Die größte Hilfe ist, sich auf die Menschen einzulassen und dann Hilfe zur Selbsthilfe zu leisten. Dazu gehört vor allem Bildung, mit Hilfe derer sie im eigenen Land besser leben können, dem Land und seinen Bedingungen entsprechend. Man muss die Menschen akzeptieren: Wie schnell sind wir mit Vorurteilen, dass sie nicht arbeiten und faul sind – ohne man jemals dort gewesen zu sein. Die Kolonialzeit hat die Kultur verändert: Wenn mir ständig gesagt wird, ich sei arm, dann werde ich arm und kann mich nicht mehr weiterentwickeln. Dieses Gefühl halten wir bis heute mit unserer Haltung in den Menschen wach. Dabei haben sie ihren eigenen Schatz an Erfahrungen, ihre Überlebensstrategien. Aus dieser Sicht heraus zu helfen, ist etwas anderes – denn auf der anderen Seite beuten wir sie auch heute noch aus.
Besser, als die Menschen zum Studieren nach Europa zu holen, ist, ihnen das Studium im eigenen Land zu ermöglichen, Bibliotheken zu fördern, Professoren auszubilden usw.

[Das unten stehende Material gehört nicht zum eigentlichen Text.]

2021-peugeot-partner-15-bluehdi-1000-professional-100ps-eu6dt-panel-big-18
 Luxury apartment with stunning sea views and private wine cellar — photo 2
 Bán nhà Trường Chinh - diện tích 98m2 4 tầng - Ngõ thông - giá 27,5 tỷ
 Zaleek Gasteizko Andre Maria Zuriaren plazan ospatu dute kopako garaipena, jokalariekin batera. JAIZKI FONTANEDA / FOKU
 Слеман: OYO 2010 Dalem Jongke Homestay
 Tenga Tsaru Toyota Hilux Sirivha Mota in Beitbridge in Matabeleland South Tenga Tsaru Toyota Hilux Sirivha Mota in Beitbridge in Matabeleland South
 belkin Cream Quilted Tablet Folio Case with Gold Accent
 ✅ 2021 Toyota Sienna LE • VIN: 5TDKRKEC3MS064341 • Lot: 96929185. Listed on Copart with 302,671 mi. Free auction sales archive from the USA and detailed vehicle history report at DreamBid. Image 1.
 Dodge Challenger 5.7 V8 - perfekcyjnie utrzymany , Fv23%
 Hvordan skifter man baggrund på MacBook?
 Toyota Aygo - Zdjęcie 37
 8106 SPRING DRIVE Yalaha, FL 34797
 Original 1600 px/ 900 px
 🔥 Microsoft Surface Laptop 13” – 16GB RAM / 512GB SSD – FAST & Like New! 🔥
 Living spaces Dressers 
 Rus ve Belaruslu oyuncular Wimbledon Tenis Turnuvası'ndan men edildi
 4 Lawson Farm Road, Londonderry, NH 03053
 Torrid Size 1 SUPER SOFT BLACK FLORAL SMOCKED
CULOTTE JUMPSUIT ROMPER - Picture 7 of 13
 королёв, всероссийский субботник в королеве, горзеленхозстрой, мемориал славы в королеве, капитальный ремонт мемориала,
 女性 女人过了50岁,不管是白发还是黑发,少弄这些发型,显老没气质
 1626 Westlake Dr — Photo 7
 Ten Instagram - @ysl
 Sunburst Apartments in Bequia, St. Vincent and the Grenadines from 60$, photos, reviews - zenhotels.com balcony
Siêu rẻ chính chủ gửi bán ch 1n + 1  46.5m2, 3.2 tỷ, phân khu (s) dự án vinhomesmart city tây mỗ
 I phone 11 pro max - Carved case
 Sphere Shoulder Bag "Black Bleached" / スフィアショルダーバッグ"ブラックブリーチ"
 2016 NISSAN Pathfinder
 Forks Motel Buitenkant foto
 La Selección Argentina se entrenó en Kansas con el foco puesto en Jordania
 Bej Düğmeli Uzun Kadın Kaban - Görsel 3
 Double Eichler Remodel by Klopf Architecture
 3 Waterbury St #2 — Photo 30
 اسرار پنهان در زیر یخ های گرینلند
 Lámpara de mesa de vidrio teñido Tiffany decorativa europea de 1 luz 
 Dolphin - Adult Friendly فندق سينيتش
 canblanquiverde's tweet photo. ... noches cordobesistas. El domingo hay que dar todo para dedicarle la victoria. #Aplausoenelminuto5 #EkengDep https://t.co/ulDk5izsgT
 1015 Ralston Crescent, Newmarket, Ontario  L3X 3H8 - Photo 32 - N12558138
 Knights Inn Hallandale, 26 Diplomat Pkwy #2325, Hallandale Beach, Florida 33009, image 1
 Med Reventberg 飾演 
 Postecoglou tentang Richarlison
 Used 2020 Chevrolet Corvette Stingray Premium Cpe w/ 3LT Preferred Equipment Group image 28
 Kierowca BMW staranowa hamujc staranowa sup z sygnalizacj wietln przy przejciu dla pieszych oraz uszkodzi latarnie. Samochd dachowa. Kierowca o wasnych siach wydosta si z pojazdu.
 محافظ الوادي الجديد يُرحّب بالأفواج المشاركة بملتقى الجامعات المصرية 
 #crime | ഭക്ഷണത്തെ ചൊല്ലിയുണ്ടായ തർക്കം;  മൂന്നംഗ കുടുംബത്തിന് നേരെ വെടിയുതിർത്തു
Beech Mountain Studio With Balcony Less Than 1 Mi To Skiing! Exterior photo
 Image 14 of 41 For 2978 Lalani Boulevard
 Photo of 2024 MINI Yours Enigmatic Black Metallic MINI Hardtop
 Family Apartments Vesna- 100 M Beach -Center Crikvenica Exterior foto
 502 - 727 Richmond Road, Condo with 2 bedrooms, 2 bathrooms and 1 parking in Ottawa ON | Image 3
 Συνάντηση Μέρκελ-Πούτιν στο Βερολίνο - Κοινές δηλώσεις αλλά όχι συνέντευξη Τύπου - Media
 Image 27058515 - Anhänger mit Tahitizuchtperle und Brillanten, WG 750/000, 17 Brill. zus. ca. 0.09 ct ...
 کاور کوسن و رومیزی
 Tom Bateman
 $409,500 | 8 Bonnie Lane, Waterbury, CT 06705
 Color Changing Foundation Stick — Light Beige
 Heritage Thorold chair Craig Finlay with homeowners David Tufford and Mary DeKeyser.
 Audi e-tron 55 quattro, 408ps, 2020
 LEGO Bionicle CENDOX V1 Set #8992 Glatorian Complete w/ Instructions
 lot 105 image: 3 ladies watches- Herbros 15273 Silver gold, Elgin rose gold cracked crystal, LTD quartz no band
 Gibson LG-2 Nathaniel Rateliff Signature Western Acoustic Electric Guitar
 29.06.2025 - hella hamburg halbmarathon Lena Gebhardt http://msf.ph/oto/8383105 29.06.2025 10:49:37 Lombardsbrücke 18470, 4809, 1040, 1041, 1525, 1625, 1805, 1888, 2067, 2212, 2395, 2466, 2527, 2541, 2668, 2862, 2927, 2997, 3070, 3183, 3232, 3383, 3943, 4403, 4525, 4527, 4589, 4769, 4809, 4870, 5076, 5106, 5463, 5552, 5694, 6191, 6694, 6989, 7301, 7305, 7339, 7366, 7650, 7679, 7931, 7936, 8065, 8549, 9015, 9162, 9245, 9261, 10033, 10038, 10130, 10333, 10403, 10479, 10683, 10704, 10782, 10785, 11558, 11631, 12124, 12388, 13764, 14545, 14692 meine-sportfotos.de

Die beste Hilfe für ein besseres Leben der Menschen in Afrika ist, sie zu unterstützen, besser im eigenen Land zu leben?
Thonhauser: Man kann vor allem nicht unsere Errungenschaften und unsere Entwicklungen in Afrika anwenden. Das machen wir aber: Auf den Maisfeldern stehen überall die Schilder „Pioneer“. Ihre eigenen alten Sorten, die selbst Saatgut gegeben haben, wurden verdrängt. Jetzt müssen sie Saatgut und Dünger kaufen, sie sind abhängig geworden. Das ist keine Entwicklungshilfe.

Interview: Georg Haab

Zur Person: Christa Thonhauser, geb. 1963 in Wolfsberg, wuchs in St. Paul im Lavanttal. Sie absolvierte die Ausbildung zur Landwirtschaftlichen Fachlehrerin, dann zur Behindertenbetreuerin. Seit 2004 lebt und arbeitet sie in Tansania.